Among the entries below, find each line with "being" and show it.

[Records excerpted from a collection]
↓↓↓
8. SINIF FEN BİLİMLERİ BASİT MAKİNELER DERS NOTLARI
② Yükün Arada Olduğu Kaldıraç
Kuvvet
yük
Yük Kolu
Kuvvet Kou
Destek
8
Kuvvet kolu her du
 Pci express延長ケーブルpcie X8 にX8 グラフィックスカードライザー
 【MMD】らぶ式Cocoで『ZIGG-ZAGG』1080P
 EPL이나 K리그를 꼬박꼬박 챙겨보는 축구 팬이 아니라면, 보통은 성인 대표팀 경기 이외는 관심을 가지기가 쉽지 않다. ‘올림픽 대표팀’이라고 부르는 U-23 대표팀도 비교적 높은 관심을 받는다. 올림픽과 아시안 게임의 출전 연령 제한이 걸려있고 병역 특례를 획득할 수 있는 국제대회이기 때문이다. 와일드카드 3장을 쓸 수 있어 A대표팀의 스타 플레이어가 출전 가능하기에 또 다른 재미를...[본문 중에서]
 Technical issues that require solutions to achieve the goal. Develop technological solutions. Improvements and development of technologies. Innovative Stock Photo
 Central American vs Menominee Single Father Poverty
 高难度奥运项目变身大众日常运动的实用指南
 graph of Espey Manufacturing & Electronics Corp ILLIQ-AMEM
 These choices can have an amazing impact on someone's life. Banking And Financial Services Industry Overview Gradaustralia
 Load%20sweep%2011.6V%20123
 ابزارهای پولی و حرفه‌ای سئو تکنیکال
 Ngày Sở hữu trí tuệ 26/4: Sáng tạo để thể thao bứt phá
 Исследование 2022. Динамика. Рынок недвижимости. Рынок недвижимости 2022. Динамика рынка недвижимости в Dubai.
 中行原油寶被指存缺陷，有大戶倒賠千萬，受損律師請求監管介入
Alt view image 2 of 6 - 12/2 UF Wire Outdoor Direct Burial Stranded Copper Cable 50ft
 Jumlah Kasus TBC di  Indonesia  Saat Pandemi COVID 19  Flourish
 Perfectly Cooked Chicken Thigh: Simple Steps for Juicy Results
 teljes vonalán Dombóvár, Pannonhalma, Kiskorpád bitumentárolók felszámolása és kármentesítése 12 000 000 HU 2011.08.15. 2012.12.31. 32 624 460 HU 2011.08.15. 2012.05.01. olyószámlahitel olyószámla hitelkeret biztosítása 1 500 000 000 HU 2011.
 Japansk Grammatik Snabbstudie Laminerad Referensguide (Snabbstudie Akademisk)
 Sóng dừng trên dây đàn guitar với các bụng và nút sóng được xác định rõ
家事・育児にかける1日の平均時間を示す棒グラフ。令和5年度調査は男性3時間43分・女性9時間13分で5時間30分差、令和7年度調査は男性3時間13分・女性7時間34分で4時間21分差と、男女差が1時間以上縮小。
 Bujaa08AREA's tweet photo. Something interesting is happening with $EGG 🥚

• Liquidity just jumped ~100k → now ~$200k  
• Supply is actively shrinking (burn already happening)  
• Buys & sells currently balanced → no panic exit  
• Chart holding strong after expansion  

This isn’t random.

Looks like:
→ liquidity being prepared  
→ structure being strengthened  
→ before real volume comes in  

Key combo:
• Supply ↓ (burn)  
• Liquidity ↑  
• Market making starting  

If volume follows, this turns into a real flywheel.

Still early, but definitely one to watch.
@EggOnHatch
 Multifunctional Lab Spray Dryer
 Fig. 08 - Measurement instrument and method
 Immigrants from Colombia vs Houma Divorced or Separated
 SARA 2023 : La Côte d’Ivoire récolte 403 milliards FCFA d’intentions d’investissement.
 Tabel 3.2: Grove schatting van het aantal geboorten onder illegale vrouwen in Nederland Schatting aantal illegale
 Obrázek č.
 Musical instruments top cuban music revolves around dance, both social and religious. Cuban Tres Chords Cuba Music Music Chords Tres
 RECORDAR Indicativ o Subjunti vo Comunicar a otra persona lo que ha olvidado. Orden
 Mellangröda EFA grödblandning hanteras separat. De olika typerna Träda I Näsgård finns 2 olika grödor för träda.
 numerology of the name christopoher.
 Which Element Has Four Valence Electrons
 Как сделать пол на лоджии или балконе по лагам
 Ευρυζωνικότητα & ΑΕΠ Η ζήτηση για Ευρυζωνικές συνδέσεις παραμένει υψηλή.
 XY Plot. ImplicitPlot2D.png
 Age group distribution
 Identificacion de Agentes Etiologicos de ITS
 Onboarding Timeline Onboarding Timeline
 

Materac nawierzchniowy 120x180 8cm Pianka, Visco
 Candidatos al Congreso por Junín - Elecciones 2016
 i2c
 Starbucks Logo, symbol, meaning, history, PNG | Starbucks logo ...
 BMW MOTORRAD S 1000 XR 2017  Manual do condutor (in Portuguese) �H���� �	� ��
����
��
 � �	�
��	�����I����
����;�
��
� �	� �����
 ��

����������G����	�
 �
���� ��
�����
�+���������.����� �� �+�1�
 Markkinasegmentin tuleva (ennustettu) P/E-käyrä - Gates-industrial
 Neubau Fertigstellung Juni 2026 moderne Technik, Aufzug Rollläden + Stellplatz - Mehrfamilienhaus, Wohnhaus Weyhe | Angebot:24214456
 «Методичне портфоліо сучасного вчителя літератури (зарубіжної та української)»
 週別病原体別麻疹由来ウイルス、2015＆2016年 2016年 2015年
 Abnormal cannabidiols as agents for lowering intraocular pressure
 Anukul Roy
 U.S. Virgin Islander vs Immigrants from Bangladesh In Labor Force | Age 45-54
↑↑↑
EXERCISE SOLUTION →
→ liquidity being prepared  
→ structure being strengthened  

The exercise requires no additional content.